HMRC made unannounced visits to six souvenir shops across central London.

Photo: HMRC

HMRC has announced a major escalation in its crackdown on illegal activity on the UK's high streets, with plans to carry out more than 30,000 interventions during 2026/27 targeting tax fraud, illicit tobacco and vape sales, money laundering and labour exploitation.

The move comes after a series of unannounced inspections at six souvenir shops in central London this week, carried out jointly by HMRC, Home Office Immigration Enforcement, Westminster City Council Trading Standards and the Metropolitan Police.


The inspections focused on stores selling royal family, London and UK-themed souvenirs, as well as magic and wizarding merchandise. During the operation, HMRC officers completed full till data downloads at all six locations, with tax compliance investigations now set to follow.

The wider enforcement action resulted in three arrests for immigration-related offences, while one business received a £40,000 civil penalty for employing an illegal worker.

Trading Standards officers also seized goods worth £5,433, including 289 disposable vapes, 173 squishy toys, counterfeit fashion accessories and unsafe travel adapters.

HMRC said intelligence gathered from the operation would help inform future enforcement activity as it steps up efforts to tackle criminality linked to retail premises.

The tax authority said interventions over the next year will include unannounced visits, tax investigations, organised crime probes, seizures and warning letters. Enforcement activity will target businesses suspected of being involved in money laundering, tax evasion, National Minimum Wage breaches and the sale of illicit products.

Particular attention will be paid to cash-intensive sectors, with HMRC highlighting vape shops, barbers, souvenir stores, candy shops and convenience stores as areas where some criminal networks have used legitimate-looking businesses as fronts for illegal activity.

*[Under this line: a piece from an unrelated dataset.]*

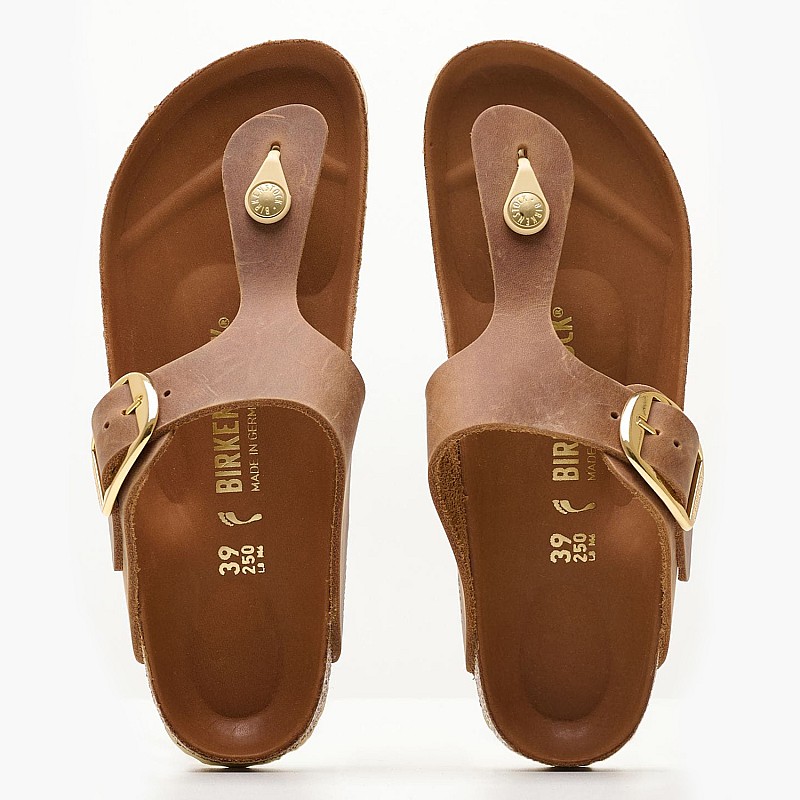 Γυναικεία Flats Gizeh.Bb.Hex Ταμπά Δέρμα Λαδερό Birkenstock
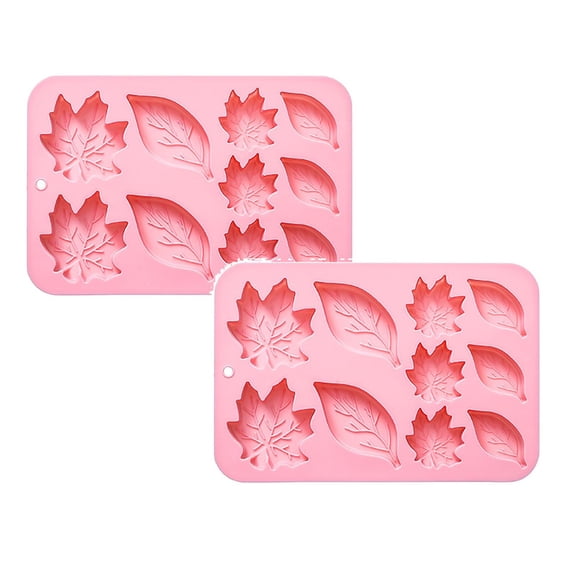 2Pack Leaf Silicone Fall Silicone Cake Pan Autumn Maple Leaf Thanksgiving Fall Theme Mould For Halloween Chocolate Candy Cupcake Topper Resin Soap Candle Cake Mould Home Decor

The department also plans to increase efforts against so-called "till fraud", targeting businesses and software providers that use electronic tools to manipulate sales records, conceal revenue and evade tax.

Dan Tomlinson, exchequer secretary to the treasury, said: "Too many high streets have been blighted by illegal activity that harms local communities and undercut honest businesses, and we're determined to fix this.

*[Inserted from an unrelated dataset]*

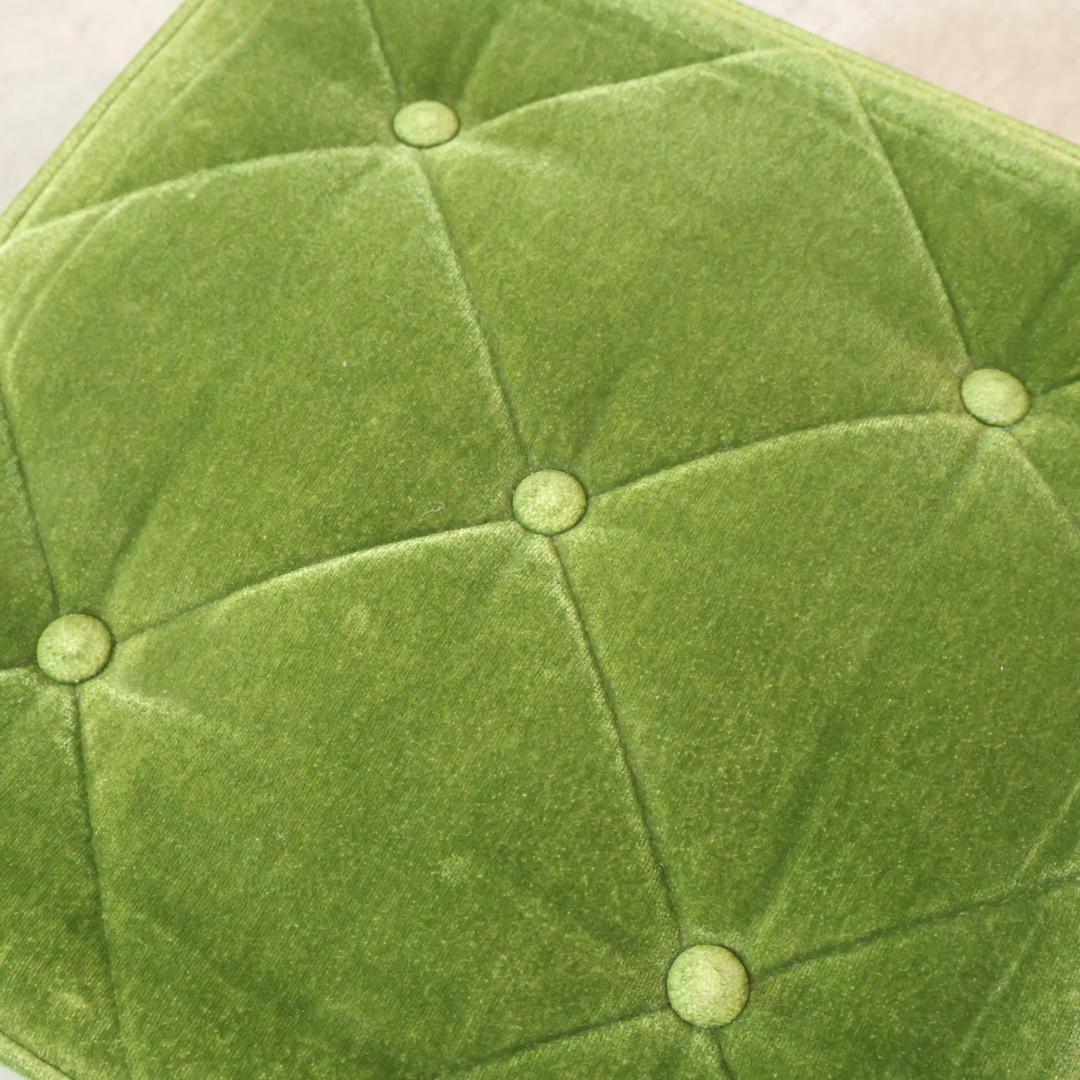 Karimoku60 モケットグリーン オットマン スツール レトロモダン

"We're increasing our action across the UK to target the criminals using shops as a front for tax evasion, money laundering and fraud."

The announcement follows the launch last month of the new High Street Organised Crime Unit, backed by £30 million in government funding and bringing together HMRC, Trading Standards, policing partners, the National Crime Agency and other enforcement bodies.

It also builds on November’s Operation Machinize 2, a nationwide enforcement initiative led by the National Crime Agency. The operation involved more than 160 HMRC officers and resulted in 924 arrests and the seizure of £13m in suspected criminal proceeds.